In an unprecedented move, Congress passed legislation Tuesday including an amendment which would maintain one of the most contentious hangovers of the Bush administration, allowing the Department of Defense to exempt torture photos of US detainees overseas from public access under Freedom of Information Act requests.
This amendment, passed as part of the Department of Homeland Security appropriations bill, would give Secretary of Defense Robert Gates the prerogative to suppress photos of prisoner abuse taken after September 11, 2001, which could result in the endangering of US citizens, troops or employees.
The availability of photos and records of detainee abuse has been at the center of a lawsuit between the American Civil Liberties Union and the Bush administration since 2003. The lawsuit is now continuing under the Obama administration and is aimed at photos that were ordered released by a federal appeals court as part of an ACLU FOIA lawsuit, though it would apply to other photos in government custody as well.
President Obama had initially indicated that he would not block the release of these photographs; however, in May, he reversed his decision and filed an appeal with the Supreme Court.
Despite the uncertain effect of Tuesday's legislation on their ongoing litigation, the ACLU plans to continue with the case. It has thus far been upheld by two federal courts, which found that there was "significant public interest in the disclosure of these photographs." A decision from the Supreme Court is expected on October 30, 2009.
The measure in the appropriations bill was initially removed and then reintroduced covertly, according to Rep. Louise Slaughter (D-New York), who, during a speech on the House floor, expressed her disappointment. "It's unfortunate given that this Administration promised that openness and transparency would be the norm. We should never do anything to circumvent FOIA and I believe that our country would gain more by coming to terms with the past than we would by covering it up."

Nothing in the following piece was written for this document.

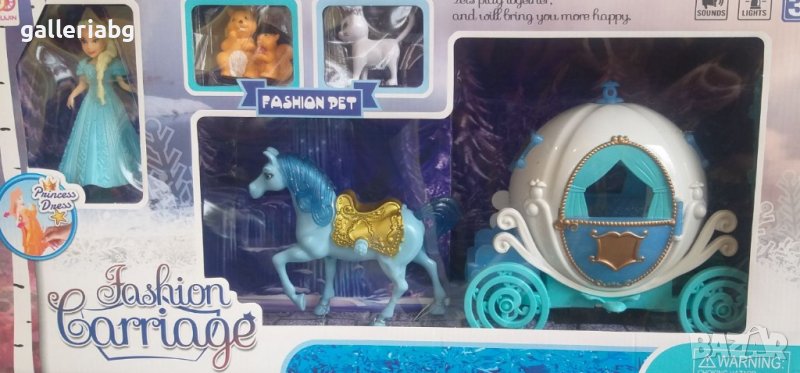 Комплект кукла с каляска, конче, музика и светлини , снимка 1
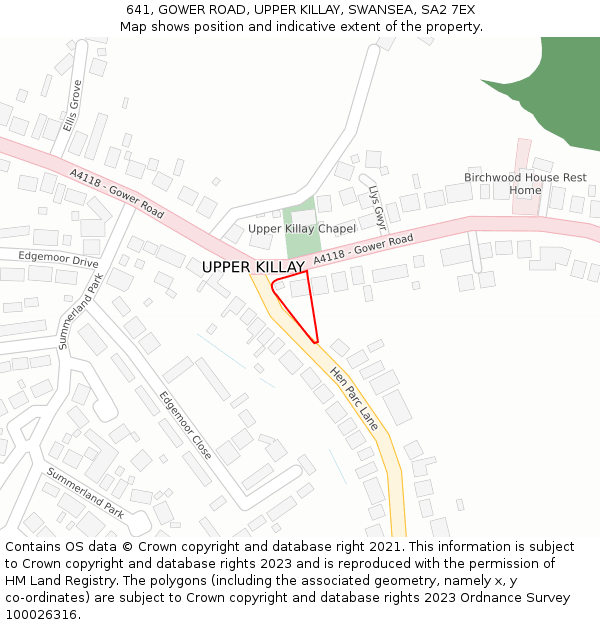 641, GOWER ROAD, UPPER KILLAY, SWANSEA, SA2 7EX: Location map and indicative extent of plot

Both the inclusion of the FOIA amendment in the bill as well as the administration's decision to fight the release of the photos has been disillusioning for many who hoped that Obama would usher in a change to the policies which marred the Bush presidency.
"The failure of the country's current leadership to fully confront the abuses of the prior administration - a failure embodied by the suppression legislation at issue now - will only compound these harms," the ACLU said in their letter to Gates. "Those favoring suppression of the images of detainee abuse and torture have stated their concerns in the language of national security, but no democracy has ever been made stronger by concealing evidence of its wrongdoing."
In an open letter to Defense Secretary Gates, to whom the task of deciding which photos could be realized will fall, the ACLU urged him not to exercise the authority given him by the bill.
"Their release would allow the public to understand better what took place in the military's detention centers, and why. They might show patterns that have until now gone unnoticed. They would surely convey, better than mere text ever could, the cruelty of such practices as stress positions, hooding, and mock executions," the letter said.
The ACLU, in a press release Tuesday, also said releasing the photos "would show the pervasiveness of detainee abuse and would shed light on the connection between that abuse and the decisions of high-level Bush administration officials. The photos "are of critical relevance to an ongoing national debate about accountability."
They were, however, more hopeful regarding another provision passed in the appropriations bill, allowing the Obama administration to bring detainees to America to stand trial.
"Congress should not be passing legislation making it more difficult for President Obama to keep his commitment to closing Guantánamo," said Christopher Naders, ACLU senior legislative counsel in a press release Tuesday, "but it is a step in the right direction that the legislation allows for transfer of detainees for prosecution in the US. Continuing to hold detainees without charge or trial indefinitely flies in the face of our ingrained values of justice and due process. Our federal courts are perfectly capable of providing justice, security and the protection of fundamental rights, and we should use them to finally achieve real justice in cases where evidence of terrorism crimes exists."
The Department of Homeland Security appropriations bill will now go to President Obama to be signed.
Yana Kunichoff is an intern at Truthout.